»»

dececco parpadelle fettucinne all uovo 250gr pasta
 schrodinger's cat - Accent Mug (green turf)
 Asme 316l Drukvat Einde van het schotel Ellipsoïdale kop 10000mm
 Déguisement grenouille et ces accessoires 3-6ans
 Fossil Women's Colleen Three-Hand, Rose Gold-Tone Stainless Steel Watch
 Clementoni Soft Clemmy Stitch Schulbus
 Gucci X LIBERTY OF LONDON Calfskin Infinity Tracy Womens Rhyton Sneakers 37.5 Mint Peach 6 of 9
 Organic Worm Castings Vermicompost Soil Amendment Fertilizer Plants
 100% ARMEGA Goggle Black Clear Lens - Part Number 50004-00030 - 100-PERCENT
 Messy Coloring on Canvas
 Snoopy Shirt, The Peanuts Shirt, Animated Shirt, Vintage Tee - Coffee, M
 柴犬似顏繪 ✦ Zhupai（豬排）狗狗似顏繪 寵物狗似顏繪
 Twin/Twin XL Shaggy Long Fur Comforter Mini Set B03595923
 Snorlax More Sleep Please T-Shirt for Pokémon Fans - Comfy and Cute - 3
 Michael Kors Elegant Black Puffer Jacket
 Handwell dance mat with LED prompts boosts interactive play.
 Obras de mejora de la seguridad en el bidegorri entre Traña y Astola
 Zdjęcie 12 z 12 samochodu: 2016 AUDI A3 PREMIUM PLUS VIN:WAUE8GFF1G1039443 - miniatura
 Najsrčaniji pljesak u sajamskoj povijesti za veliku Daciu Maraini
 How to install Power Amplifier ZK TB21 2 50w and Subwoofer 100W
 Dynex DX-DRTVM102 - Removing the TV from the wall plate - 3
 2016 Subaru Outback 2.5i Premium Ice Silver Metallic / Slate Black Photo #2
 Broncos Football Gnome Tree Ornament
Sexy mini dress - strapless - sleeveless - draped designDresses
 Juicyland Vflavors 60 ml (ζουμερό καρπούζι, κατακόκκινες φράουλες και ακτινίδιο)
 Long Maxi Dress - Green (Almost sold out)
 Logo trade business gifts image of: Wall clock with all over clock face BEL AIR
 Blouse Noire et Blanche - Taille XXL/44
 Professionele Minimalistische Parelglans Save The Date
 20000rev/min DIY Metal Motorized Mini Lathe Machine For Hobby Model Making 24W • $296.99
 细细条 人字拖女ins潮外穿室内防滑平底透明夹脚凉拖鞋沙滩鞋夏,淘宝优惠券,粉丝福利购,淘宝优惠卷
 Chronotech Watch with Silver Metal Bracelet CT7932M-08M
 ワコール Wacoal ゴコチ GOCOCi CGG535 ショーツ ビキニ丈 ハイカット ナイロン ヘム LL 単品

««

# Task prompt:
Out of the entries, pull every line that mentions "Silver".

# Expected output:
 2016 Subaru Outback 2.5i Premium Ice Silver Metallic / Slate Black Photo #2
 Chronotech Watch with Silver Metal Bracelet CT7932M-08M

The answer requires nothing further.